Da freilich der Koalitionspartner Blau-Weiß nur in Grenzen Plänen begeistert war, könnte es dazu kommen, dass die Annexion gänzlich aufgegeben wird. Sie ist nämlich letztlich eine antizionistische Maßnahme und könnte die Existenz des Staates Israel bedrohen. Israel braucht eine mehrheitlich jüdische Bevölkerung in sicheren Grenzen. Schon jetzt aber gehören 20 % der Bürger zur arabischen Minderheit. Von ihnen wird – gegen die eigene Identität – das Bekenntnis zum jüdischen Staat verlangt. Das widerspricht der Demokratie. Je mehr Araber Israel annektiert, desto stärker schlägt auch das demographische Pendel gegen Israel aus. Mit Blick auf Demokratie und Demographie verbieten sich mithin weitere Annexion. Das hatte schon Ministerpräsident Ariel Sharon gesehen; vielleicht hat auch Netanjahu das jetzt gelernt.
Nach außen schimpfen in ihrer Reaktion auf das geplante Abkommen die Palästinenser: „Israel ist dafür belohnt worden, dass es nicht offen erklärt, was es seit Beginn der Besatzung ständig illegal tut“, twitterte Hanan Aschrawi, einst wichtigste Sprecherin der palästinensischen Seite. Die islamistische Hamas redet „von einem betrügerischen Stich in den Rücken des palästinensischen Volkes“. Tatsächlich ist die Vereinbarung auf dem ersten Blick wirklich eine bittere Niederlage für Präsident Machmud Abbas, der immer wieder einen eigenen palästinensischen Staat versprochen hatte. Andererseits ist nicht nur Israel dafür verantwortlich, dass es bisher nicht wieder zu bilateralen Gesprächen gekommen ist. Traditionell verweist Ramallah stets auf das Völkerrecht und bewegt sich politisch nicht. Während sich die Oligarchen reichlich bedienen, kann sich die „palästinensische Regierung“ auch nicht rühmen, viel für ihre Bürger zu tun. Allemal ziehen letztlich auch Palästinenser ihren Nutzen aus der Vereinbarung: Die Zwei-Staaten-Lösung kommt seit langem wieder ins Gespräch.
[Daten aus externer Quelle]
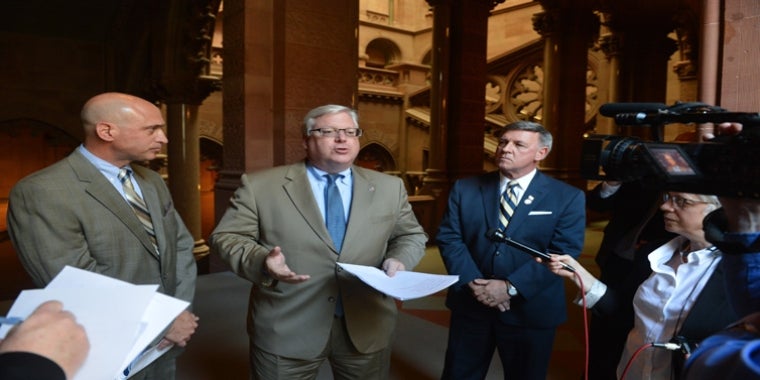 At a news conference in the Capitol last June, from left to right, New York State Association of Counties Executive Director Stephen J. Acquario, Senator O'Mara and Senator Rich Funke call on Assembly leaders to approve Senator O'Mara's paint stewardship legislation.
Und Trump? Der amerikanische Präsident wollte die Annexion vor allem, um seinen evangelikalen Block daheim bei der Stange zu halten. Mittlerweile ist die Begeisterung dort nicht mehr so groß. Zudem verbreitet sich das verheerende Covid-Virus so stark, ist die Lage der Wirtschaft so katastrophal ist, dass Trump wenigstens einen Erfolg braucht; wenn auch nur in der Außenpolitik. Nachdem die Liebelei mit Nordkorea nichts brachte; die Spannungen mit China zunehmen und das Verhältnis zu Europa angespannt bleibt, kann man verstehen, dass Trump von einem historischen Durchbruch spricht. Es handele sich um einen bedeutenden Schritt zu einem „friedlicheren, sichereren und wohlhabenderen Nahen Osten“ meinte Trump und nannte die Übereinkunft voller Pathos nach Abraham, dem Vater der Juden, Christen und Muslime. Das klingt wunderbar; bringt aber vermutlich in den USA weder einen Arbeitsplatz zurück noch einen Corona-Kranken von der Beatmungsmaschine. (jöb.)